Vigabatrin: (Major) Vigabatrin is associated with vision loss. The drug should not be used with interferons, which are associated with a potential for serious ophthalmic effects (e.g., retinopathy, optic neuritis, visual impairment), unless the benefit of treatment clearly outweighs the risks.
Zidovudine, ZDV: (Major) Use interferons and zidovudine together with caution. Closely monitor patients for treatment-associated toxicities, especially hematologic effects and hepatic decompensation, and manage as recommended for the individual therapies. Coadministration of alpha interferons may increase the hematologic toxicity of zidovudine. Interferons and anti-retroviral nucleoside reverse transcriptase inhibitors (NRTIs) are also associated with hepatotoxicity. Patients with chronic, cirrhotic HCV co-infected with HIV receiving NRTIs and alpha interferons appear to be at increased risk for hepatic decompensation (e.g., Childs-Pugh score 6 or more) compared to patients not receiving HAART. Interferon therapy may also reduce zidovudine clearance.
Interferon beta suppresses proliferation of myelin-basic protein-specific T-cells and inhibits the expression of pro-inflammatory cytokines including interleukin-17, osteopontin, and INF-G, which is believed to be a major factor responsible for triggering the autoimmune reaction leading to multiple sclerosis (MS). Additionally, formation of anti-inflammatory cytokines, such as interleukin-10, is induced. T-cell migration across the blood-brain barrier is inhibited. These actions protect neurons from demyelination. Interferon beta has also been found to increase production of nerve growth factor (NGF), which promotes oligodendrocyte survival and differentiation and axonal recovery. This may have a favorable effect on remyelination.

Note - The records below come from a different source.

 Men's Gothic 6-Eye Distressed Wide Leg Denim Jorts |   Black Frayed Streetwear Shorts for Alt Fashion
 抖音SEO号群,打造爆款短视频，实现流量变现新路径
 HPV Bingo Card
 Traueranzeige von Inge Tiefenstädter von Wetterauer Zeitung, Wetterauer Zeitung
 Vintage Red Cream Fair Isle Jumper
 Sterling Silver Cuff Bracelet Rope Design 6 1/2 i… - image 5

Peginterferon beta-1a is administered subcutaneously or intramuscularly. Doses are administered once every 14 days. The drug is primarily excreted renally. Extensive metabolism in the liver does not occur. The half-life is approximately 78 hours in multiple sclerosis patients.

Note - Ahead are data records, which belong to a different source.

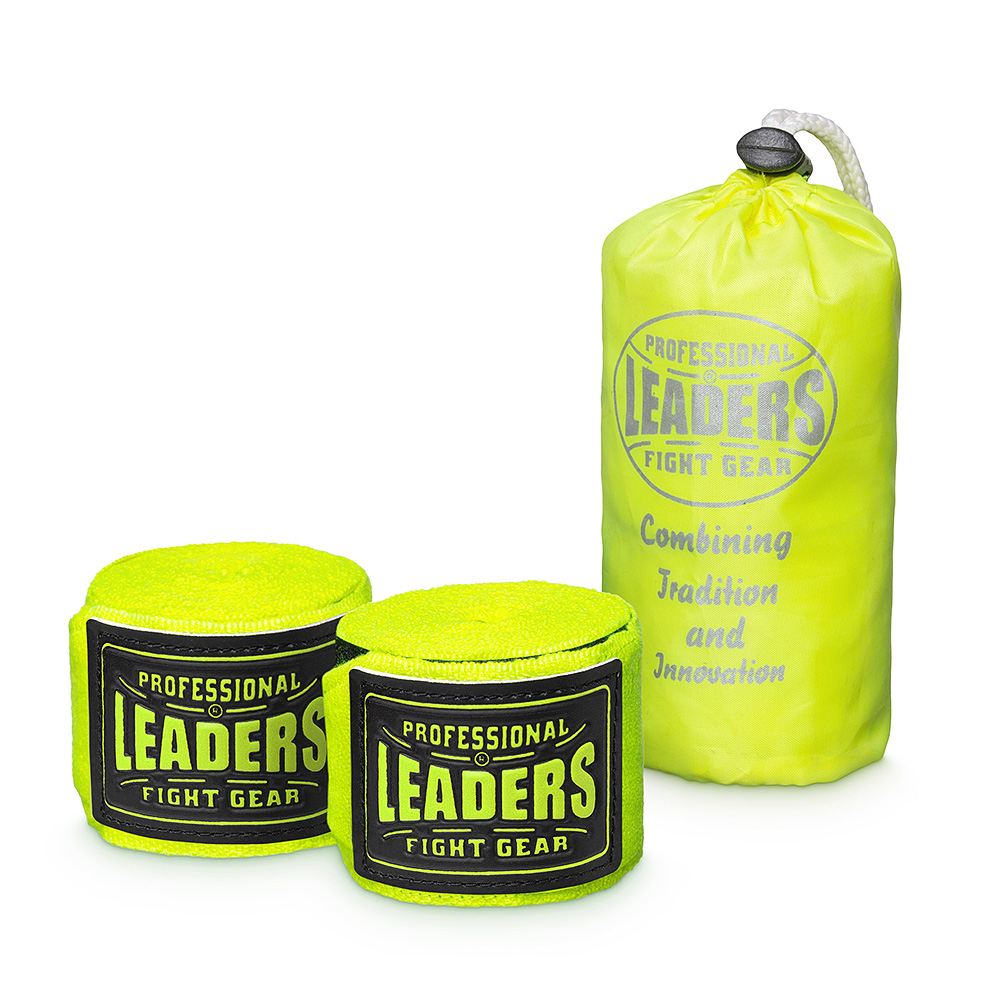 Бинты боксерские Leaders PRO салатовые 3.5 м.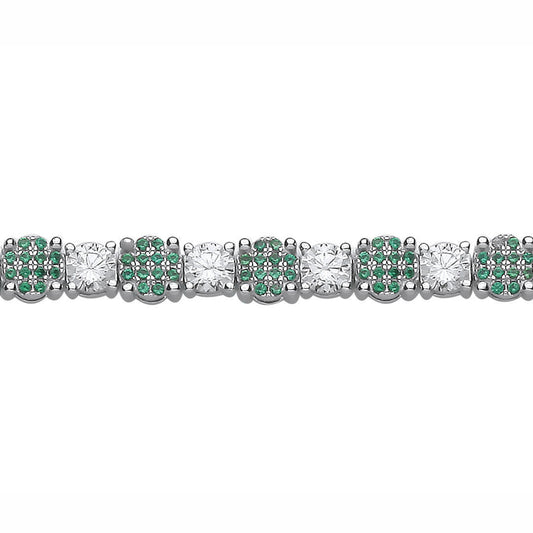 Sterling Silver  CZ & Emerald Round Cut Tennis Bracelet - GVB634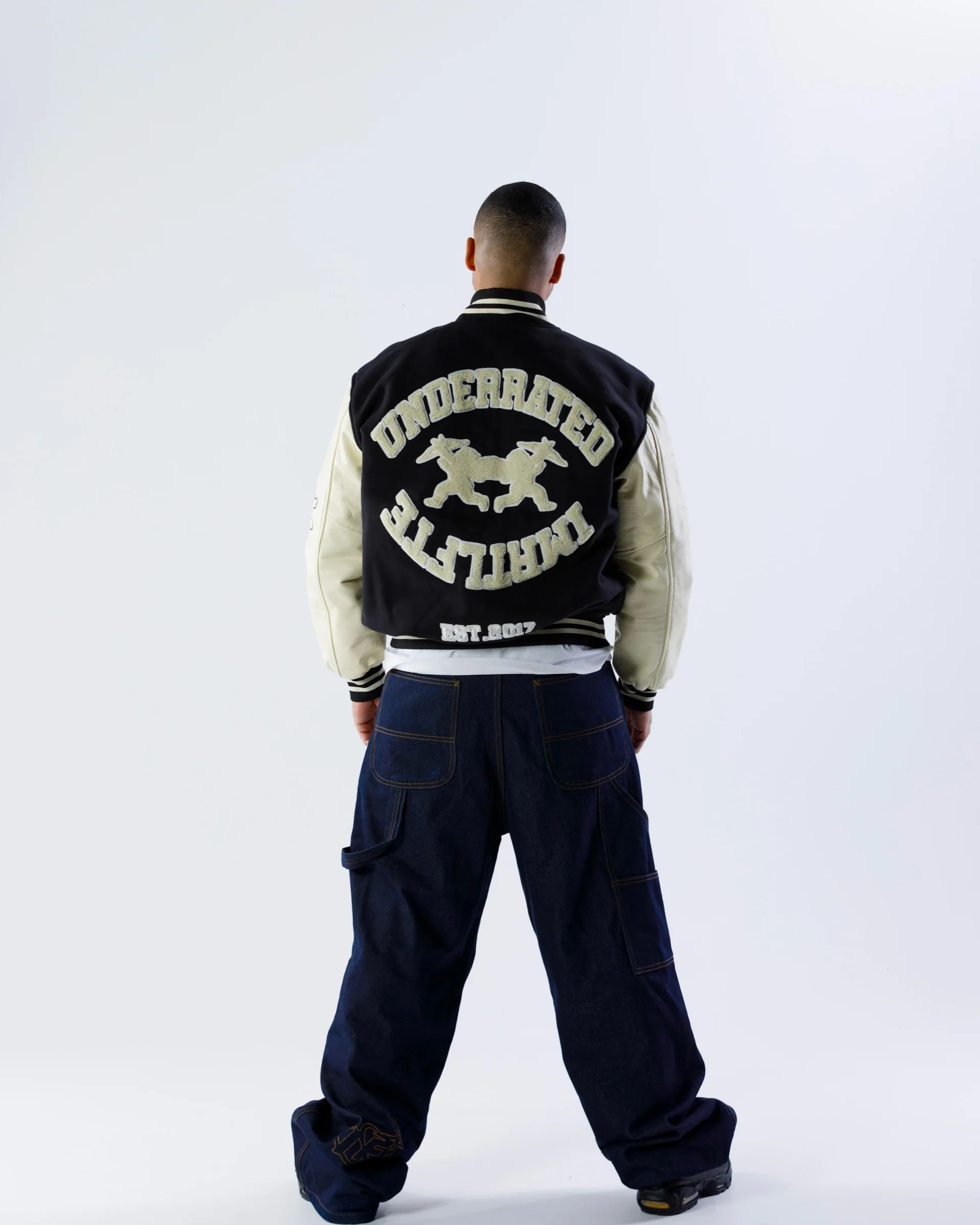 UNDERRATED x IMMORTAL FATE Varsity Jacket - Black/Cream - Image 8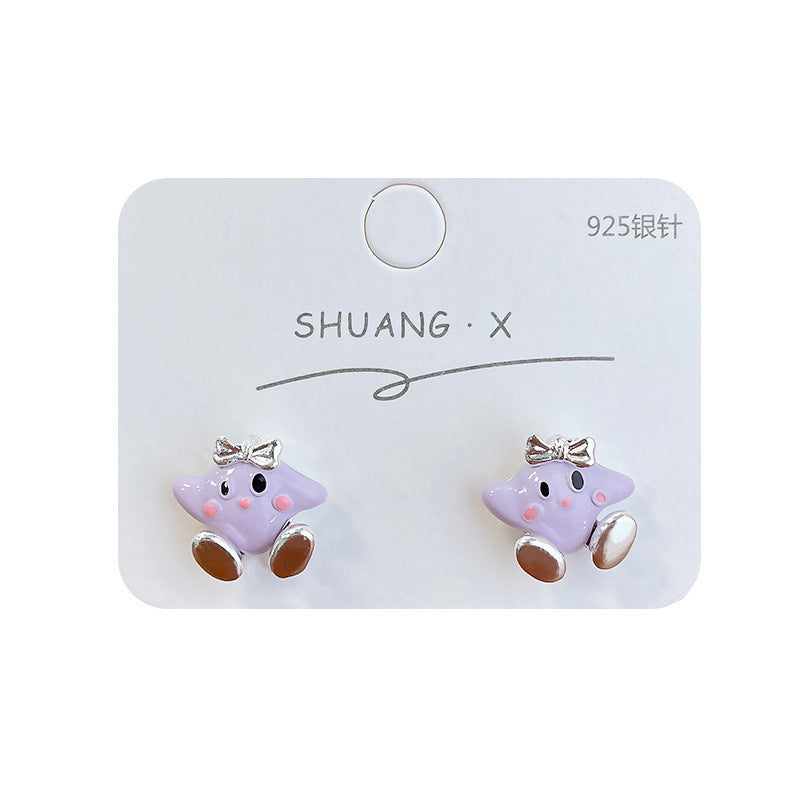 Acrylic Pink Star Kabi Earrings (Minimo de Compra 2) MIC-ShuangX033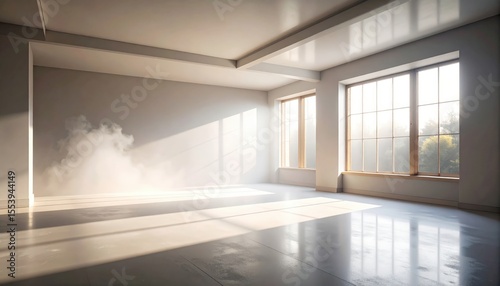 Empty Modern Room With Sunlight And Windows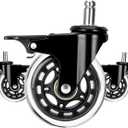 LONGADS Office Chair Caster Wheels with Brakes 5 Packs 3 in for Hardwood Floors and Low Pile Carpet,Heavy Duty Quiet Swivel Replacement -Made from Soft Premium Pu Rubber-Black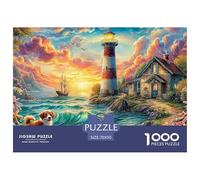 Colorful Coastal Village at SunsetIntricate 1000-Piece Jigsaw Puzzles for Adults Presenting A World of Challenging Puzzle Games - These Stand As The Premier Gift Jigsaw Puzzles for Adults And Kids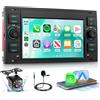 Hodozzy Autoradio per Ford Transit Fiesta Focus Galaxy Mondeo Fusion Kuga C-Max S-Max Connect con Carplay Android Auto Wireless, 7 Pollici Touch Screen Stereo 2 Din con Bluetooth, Radio AM/FM/RDS, EQ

Affected cytochrome P450 isoenzymes and drug transporters: None known
-Route-Specific Pharmacokinetics
Intramuscular Route
The pharmacokinetics of 125 mcg single dose of peginterferon beta-1a administered intramuscularly and subcutaneously are similar.
Subcutaneous Route
After a 125 mcg subcutaneous dose in multiple sclerosis patients, maximum peginterferon beta-1a serum concentrations were reached between 1 to 1.5 days. The drug did not accumulate in serum after multiple subcutaneous doses of 125 mcg every 14 days in healthy subjects.
-Special Populations
Renal Impairment
Following peginterferon beta-1a administration, the mean increases in AUC were 30%, 40%, and 53% for patients with mild, moderate, or severe renal impairment, respectively, compared to normal subjects. The mean increases in Cmax were 27%, 26%, and 42% for patients with mild, moderate, or severe renal impairment, respectively, compared to normal subjects. Subjects with end stage renal disease requiring hemodialysis 2 to 3 times weekly had similar AUC and Cmax values to normal subjects. A hemodialysis session removed approximately 24% of circulating drug.